HISTORY OF THE GAME IN SOUTH AFRICA

Commonwealth_Football_Club_Johannesburg_premiers_1905
Early Times
The game was first played in South Africa over 100 years ago. In the 1890s, Australians working as miners in Transvaal played Australian Football and organised a successful competition. The game was also played in South Africa during the Boer War, when a large contingent of Australian soldiers were on service there, some of whom being former league players.

Evidence of the game’s early existence in South Africa comes in the form of a trophy held at the Australian Gallery of Sport at the MCG. The trophy was awarded to the Commonwealth Football Club, the premier team of a South African Australian Football competition (1905).

The growth of the game stalled at around this point. The most obvious explanation is World War I, but there is little available historical evidence in Australia tracing the game beyond 1905.

African Footy AFL
The game returns
In 1997, the North West Province of South Africa had a party representing the province in boxing at the Arafura Games in Darwin. They witnessed a game of Australian Football and were very impressed with the sport. So impressed that on returning from South Africa reports of the game quickly filtered through the Department of Arts, Culture and Sport of all the 9 provinces.

Later that year, a contingent of Army Defence personnel, led by Major Marty Alsford, played exhibition games and conducted coaching clinics in an attempt to introduce the game to South Africans.

During the tour Alsford was flown to Cape Town to brief the nine provincial heads of Sport and Recreation Departments on the game. They officially endorsed Australian Football as ‘the new sport for the new South Africa’.

Just five months later, in February 1998, the first AFL pre-season match was played outside Australia, at the Newlands stadium in Cape Town. Brisbane defeated Fremantle 18. 17 (125) to 16. 7 (103) before an enthusiastic crowd of 10,000 people. Archbishop Desmond Tutu tossed the coin at the start of the game.

An under 16 South African team competed in the Jim Stynes Cup in Canberra in September 1998. In October 1998, the Adelaide Crows conducted coaching clinics for about 2000 under-privileged children in South Africa.

Further, in September 1999, level 3 coach Mark Motlop travelled from Darwin to the North West Province to conduct football and coaching clinics.

Brian Dixon brought on board several organizations including the North West Province Department of Sport and Recreation and the North West Academy of Sport. He also facilitated a relationship between the AFL and Australian Volunteers International (AVI), which sent an Australian Football Development Officer, Dale Alsford, to South Africa in July 2001. Dixon was appointed the inaugural Chairman of Footy South Africa.

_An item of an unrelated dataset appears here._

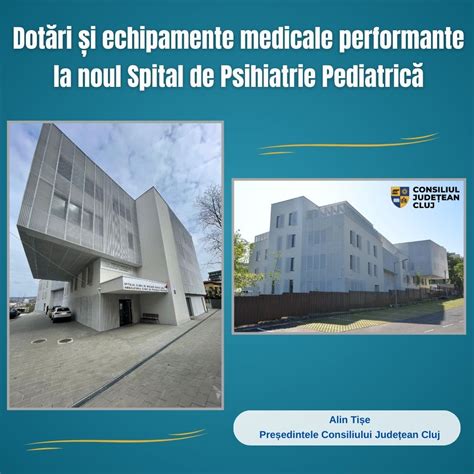 Exteriorul Spitalului Clinic de Psihiatrie Pediatrică Cluj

The South African national senior team, the ‘Buffaloes’, competed in the 2002 International Cup in Melbourne. Footy South Africa, together with the AFL and AVI, appointed an Executive Officer, Steven Harrison, in September 2003.

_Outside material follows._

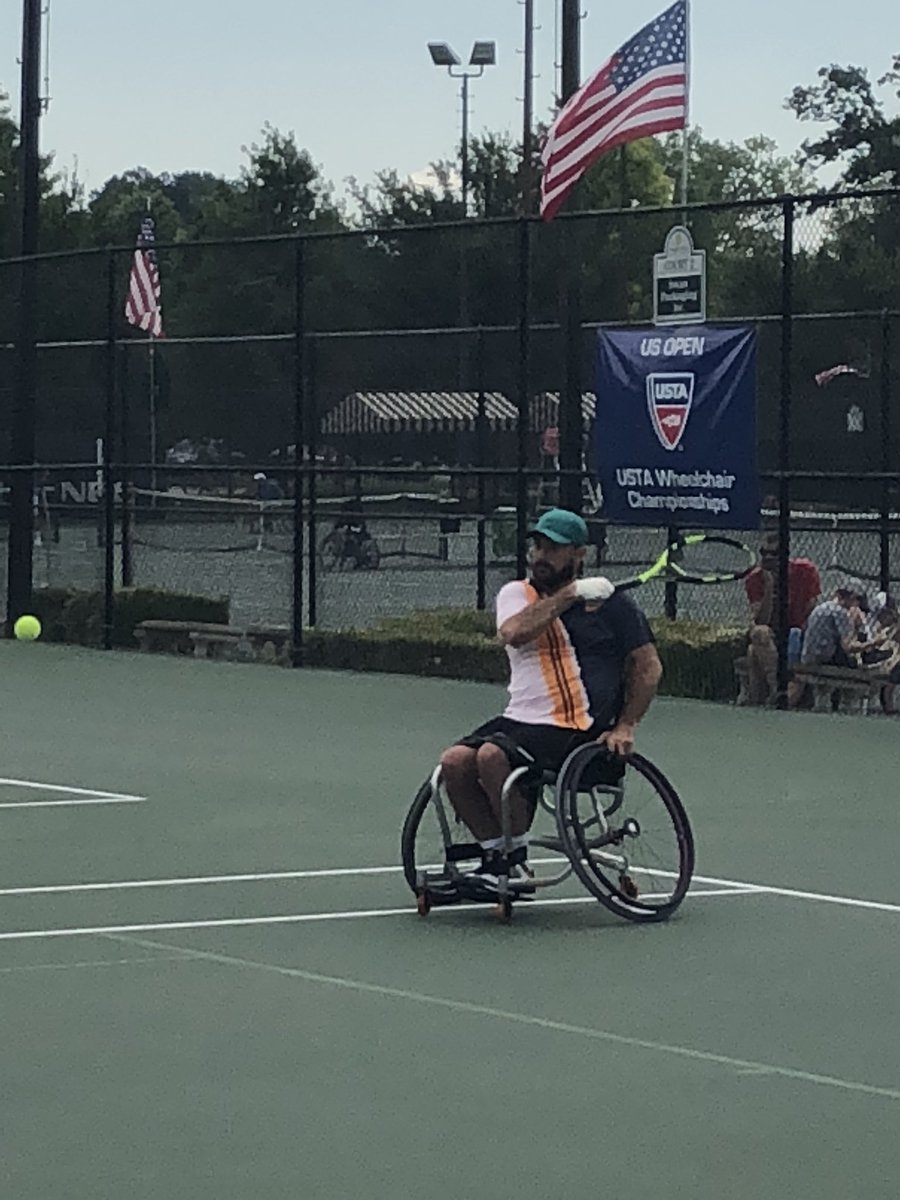#UPS is so proud to sponsor and volunteer at the US Open USTA Wheelchair Tennis Championships in St. Louis, MO. UPS family meet the World’s Number One Quad Player and Olympic Gold Medalist David Wagner! Such an inspiration to watch David and the worlds best athletes compete!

The Australian Convicts visited South Africa in January 2005, playing 3 matches in Potchefstroom, Mafikeng & Soweto. Footy South Africa was renamed AFL South Africa in 2006.

SA Lions
National Team
The South Africa Lions, originally known as the ‘Buffaloes’, competed in the 2002 International Cup in Melbourne.

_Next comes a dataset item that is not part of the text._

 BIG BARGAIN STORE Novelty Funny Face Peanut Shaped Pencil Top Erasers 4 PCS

The Lions have been a powerhouse in international footy, and the results at the International Cup have, until recently, been impressive.

2002 – 11th
2005 – 8th
2008 – 3rd
2011 – 5th
2014 – 4th
2017 – 9th

The quality of the national team has been greatly reduced by the lack of matches in South Africa in recent years. Moving forward, it is vital that regular matches are held once again.